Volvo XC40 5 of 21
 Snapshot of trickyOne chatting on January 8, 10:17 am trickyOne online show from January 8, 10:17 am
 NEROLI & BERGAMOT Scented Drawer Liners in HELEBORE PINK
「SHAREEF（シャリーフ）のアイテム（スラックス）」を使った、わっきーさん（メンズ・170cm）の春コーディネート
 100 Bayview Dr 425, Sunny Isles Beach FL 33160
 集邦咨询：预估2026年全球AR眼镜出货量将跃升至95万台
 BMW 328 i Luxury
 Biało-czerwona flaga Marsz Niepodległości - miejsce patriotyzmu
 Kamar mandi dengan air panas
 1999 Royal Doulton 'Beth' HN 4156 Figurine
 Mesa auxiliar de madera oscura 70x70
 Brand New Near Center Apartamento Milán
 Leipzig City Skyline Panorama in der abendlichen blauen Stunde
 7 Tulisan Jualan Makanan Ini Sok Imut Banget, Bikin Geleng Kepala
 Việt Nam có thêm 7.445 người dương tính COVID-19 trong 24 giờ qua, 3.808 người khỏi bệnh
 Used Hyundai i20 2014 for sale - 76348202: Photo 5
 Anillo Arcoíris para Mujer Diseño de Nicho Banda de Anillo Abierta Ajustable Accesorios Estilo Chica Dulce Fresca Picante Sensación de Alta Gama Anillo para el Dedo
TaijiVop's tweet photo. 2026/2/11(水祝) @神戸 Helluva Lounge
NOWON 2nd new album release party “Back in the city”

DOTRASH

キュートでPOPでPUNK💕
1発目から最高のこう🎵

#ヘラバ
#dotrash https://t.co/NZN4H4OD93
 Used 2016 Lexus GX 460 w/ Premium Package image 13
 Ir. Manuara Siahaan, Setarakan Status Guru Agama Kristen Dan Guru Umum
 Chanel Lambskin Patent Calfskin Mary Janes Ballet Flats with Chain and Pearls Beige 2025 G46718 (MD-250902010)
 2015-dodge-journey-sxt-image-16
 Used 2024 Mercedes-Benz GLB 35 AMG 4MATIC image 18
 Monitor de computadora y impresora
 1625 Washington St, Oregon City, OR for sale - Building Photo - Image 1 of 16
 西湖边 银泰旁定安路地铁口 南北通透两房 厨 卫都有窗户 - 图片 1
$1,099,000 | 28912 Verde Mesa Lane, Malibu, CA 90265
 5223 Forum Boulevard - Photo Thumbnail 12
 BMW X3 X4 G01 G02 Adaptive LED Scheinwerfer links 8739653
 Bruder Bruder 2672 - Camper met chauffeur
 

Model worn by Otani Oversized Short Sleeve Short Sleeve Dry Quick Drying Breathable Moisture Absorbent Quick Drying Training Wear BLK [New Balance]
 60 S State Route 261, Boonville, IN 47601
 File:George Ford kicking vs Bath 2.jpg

◆ ◆ ◆ ◆

EXERCISE
Having found the line with "Model worn by", please set it down along with every line after it through the end of the material above, exactly and with nothing added.

RESULT FOR THIS EXERCISE
Model worn by Otani Oversized Short Sleeve Short Sleeve Dry Quick Drying Breathable Moisture Absorbent Quick Drying Training Wear BLK [New Balance]
 60 S State Route 261, Boonville, IN 47601
 File:George Ford kicking vs Bath 2.jpg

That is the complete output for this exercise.